SUPPLIED ENTRIES =>
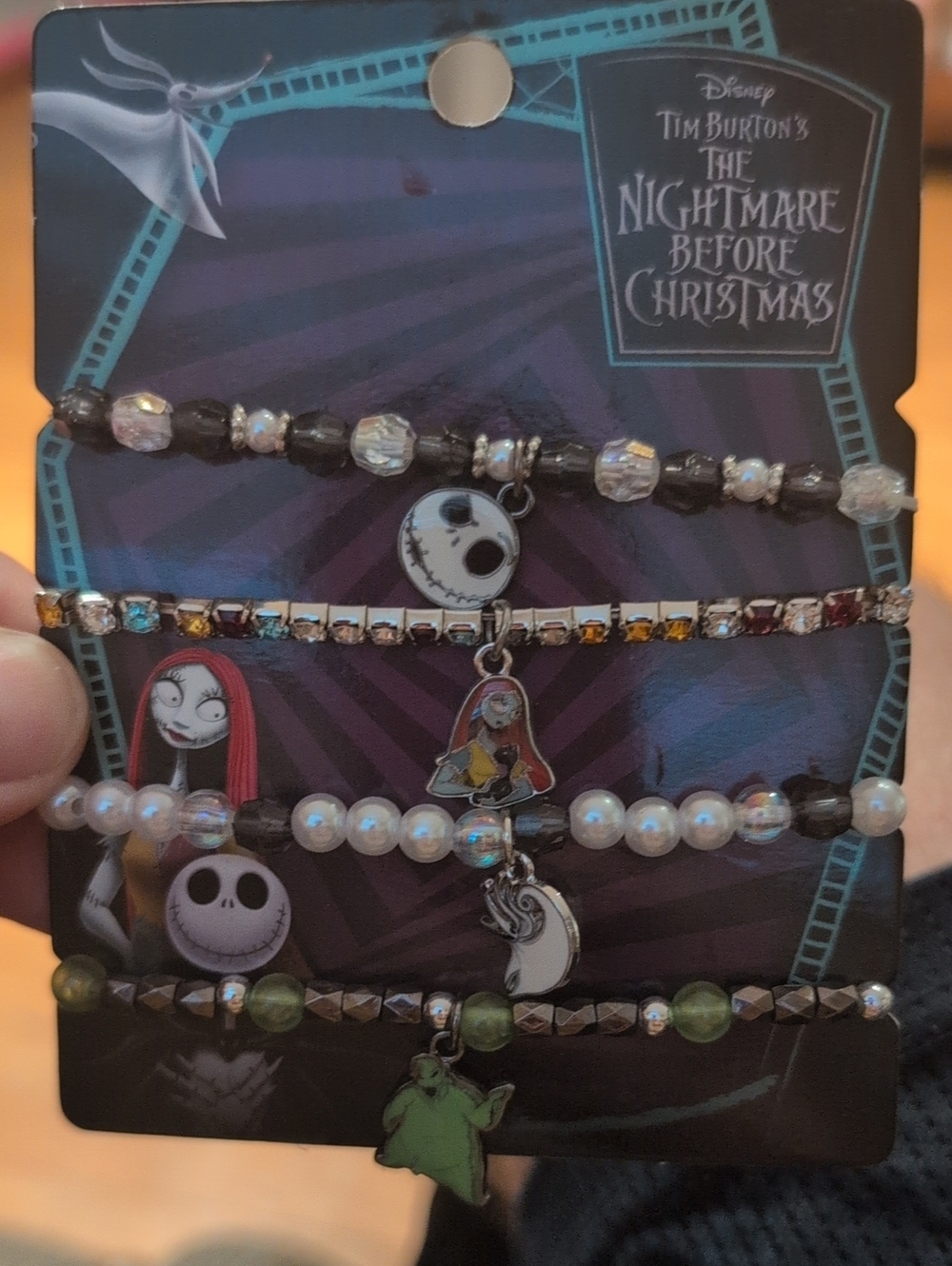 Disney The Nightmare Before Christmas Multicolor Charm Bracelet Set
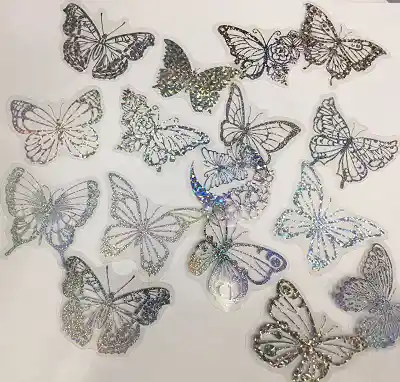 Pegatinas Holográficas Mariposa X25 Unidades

* * *

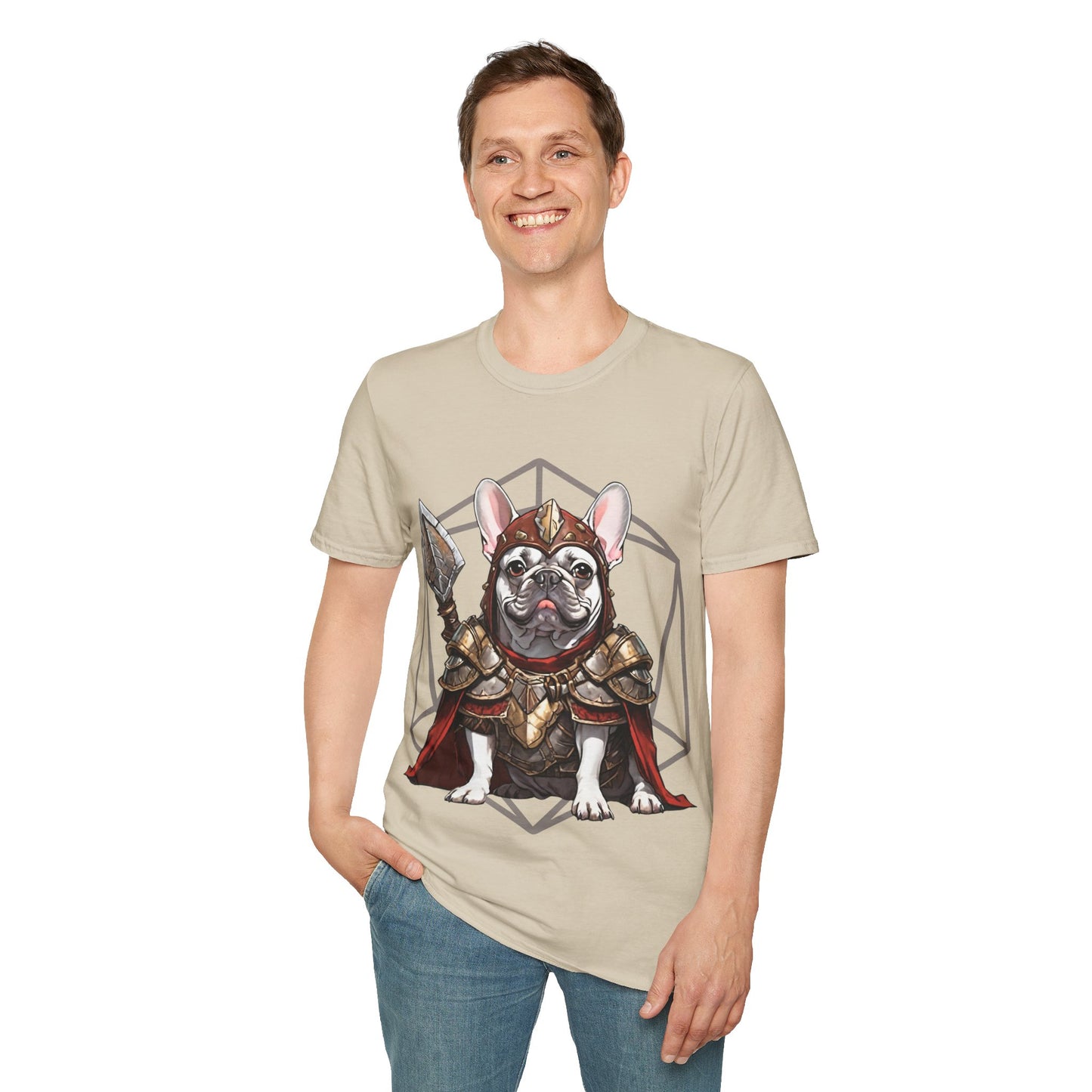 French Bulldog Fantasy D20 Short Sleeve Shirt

WORK INSTRUCTIONS => In the listing above, find the line containing "Disney The Nightmare" and the line containing "Pegatinas Holográficas Mariposa X25 Unidades"; print those lines and every line between them exactly, leaving out pictures.

RESPONSE TO THE TASK =>
 Disney The Nightmare Before Christmas Multicolor Charm Bracelet Set
 Pegatinas Holográficas Mariposa X25 Unidades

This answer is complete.